> **WHAT IS BEING ASKED**: Using "Kitchen" as the search string, find the matching lines below and copy them.

[Short web captions]

↓↓↓

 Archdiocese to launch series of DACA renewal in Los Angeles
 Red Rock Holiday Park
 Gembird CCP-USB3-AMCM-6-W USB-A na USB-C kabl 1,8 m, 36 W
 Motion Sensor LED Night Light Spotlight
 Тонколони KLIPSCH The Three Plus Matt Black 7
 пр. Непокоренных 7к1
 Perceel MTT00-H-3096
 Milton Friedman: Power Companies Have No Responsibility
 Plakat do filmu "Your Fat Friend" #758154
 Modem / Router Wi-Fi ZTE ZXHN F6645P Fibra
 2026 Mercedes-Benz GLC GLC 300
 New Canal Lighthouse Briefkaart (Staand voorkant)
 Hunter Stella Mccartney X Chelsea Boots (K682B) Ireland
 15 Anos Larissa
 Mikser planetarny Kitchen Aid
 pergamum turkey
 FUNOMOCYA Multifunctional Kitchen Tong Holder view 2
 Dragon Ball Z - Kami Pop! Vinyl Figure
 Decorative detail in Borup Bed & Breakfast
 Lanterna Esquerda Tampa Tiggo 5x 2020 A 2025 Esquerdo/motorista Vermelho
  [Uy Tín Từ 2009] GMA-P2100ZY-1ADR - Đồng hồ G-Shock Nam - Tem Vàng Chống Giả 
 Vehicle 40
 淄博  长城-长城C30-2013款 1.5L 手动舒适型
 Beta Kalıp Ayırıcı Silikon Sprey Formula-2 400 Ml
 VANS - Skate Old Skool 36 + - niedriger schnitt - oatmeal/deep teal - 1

↑↑↑

> **OUTPUT**:
 Mikser planetarny Kitchen Aid
 FUNOMOCYA Multifunctional Kitchen Tong Holder view 2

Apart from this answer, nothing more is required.